I can think of a bunch more potential causes but it is just faster to look at a kernel memory dump to see what is wrong.
edit: power problem/ overheating problem can trigger the motherboard protection circuits to reset your CPU.
basically, you see a graphics pause, then a black screen or the system restarting depending on what power supply you have.
better supplies will put a longer delay before the reboot.
if the system has been working ok for a long time. I look for overheating problems and blow the dust out of all of the fans. CPU, GPU and PSU.
(assuming you have not installed overclocking drivers) the bug with the msi overclocking drivers is they changed the install directory over the years and the new driver does not uninstall the old driver. I have seen systems that had 4 copies running. each copy makes a minor overclock change that would not be detected.
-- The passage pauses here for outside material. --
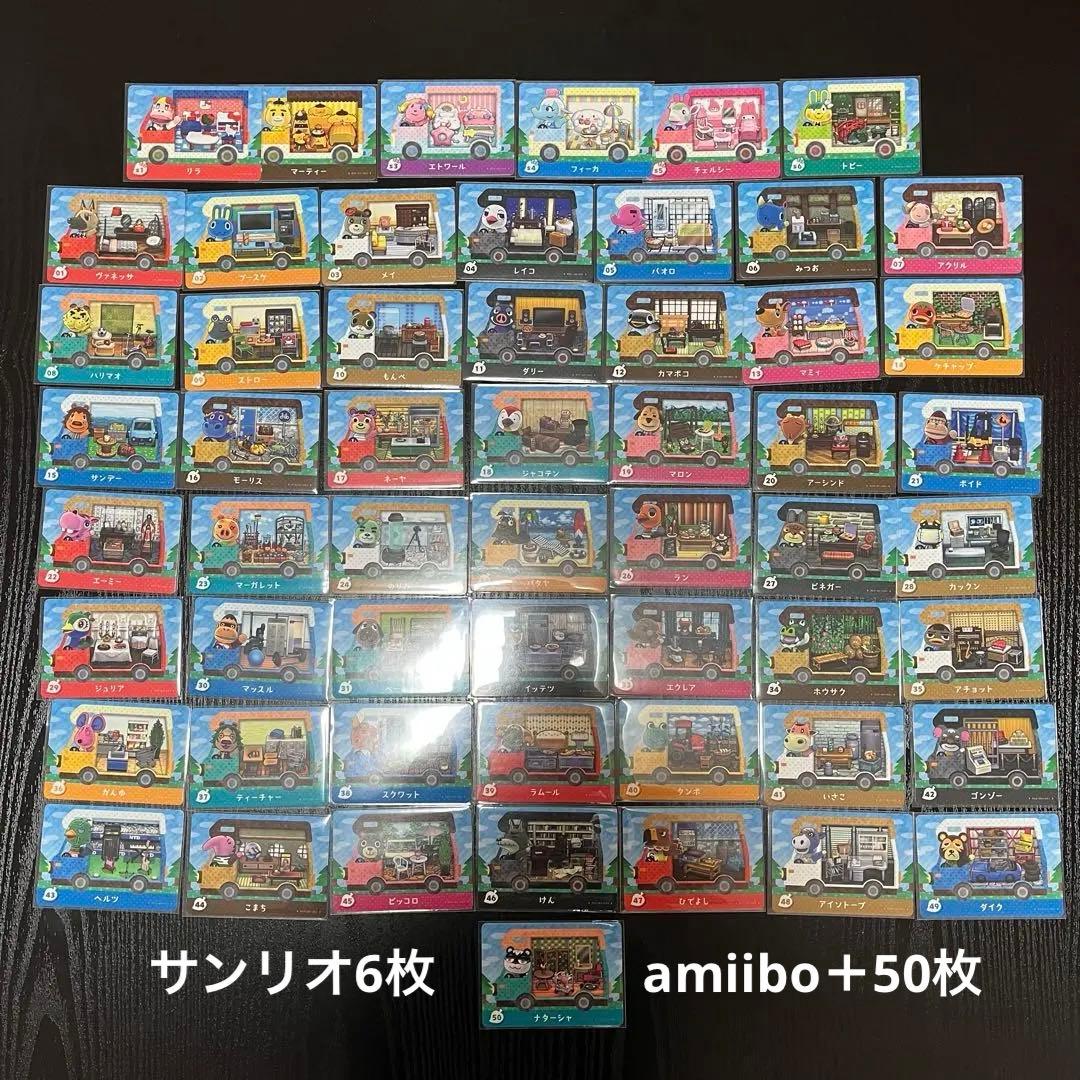 サンリオ6枚　とびだせ50枚　amiiboカード＋　フルコンプリートセット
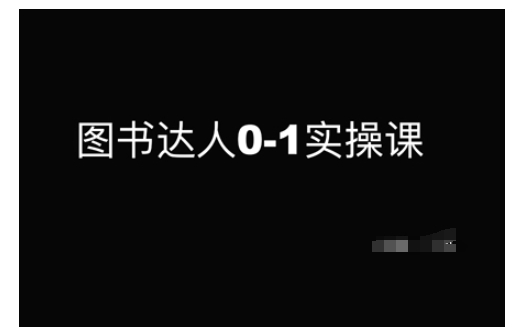 图书达人0-1实操课，带你从0起步，实现从新手到图书达人的蜕变-慕云辰风博客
IE 1 to 2 % increase in some clock rate but each copy takes a wack at the frequency and it ends up not conforming to the specs of the electronics and you get hangs.
Okay so been a few days ordered a new PSU but in the time it took for that to get shipped the crashing has stopped I have done nothing to make it stop it just suddenly didn't happen anymore. Will still keep this open incase it begins again
Have any Windows updates been installed between the time it was crashing and the time it wasn't, that you know of? Because it wouldn't be the first time we've seen crashing problems resolved by a Windows update. Often it simply updates in the background and you don't even know it so you might have to actually open Windows update and look at the list of installed updates (Update history) to check dates and see if something was changed.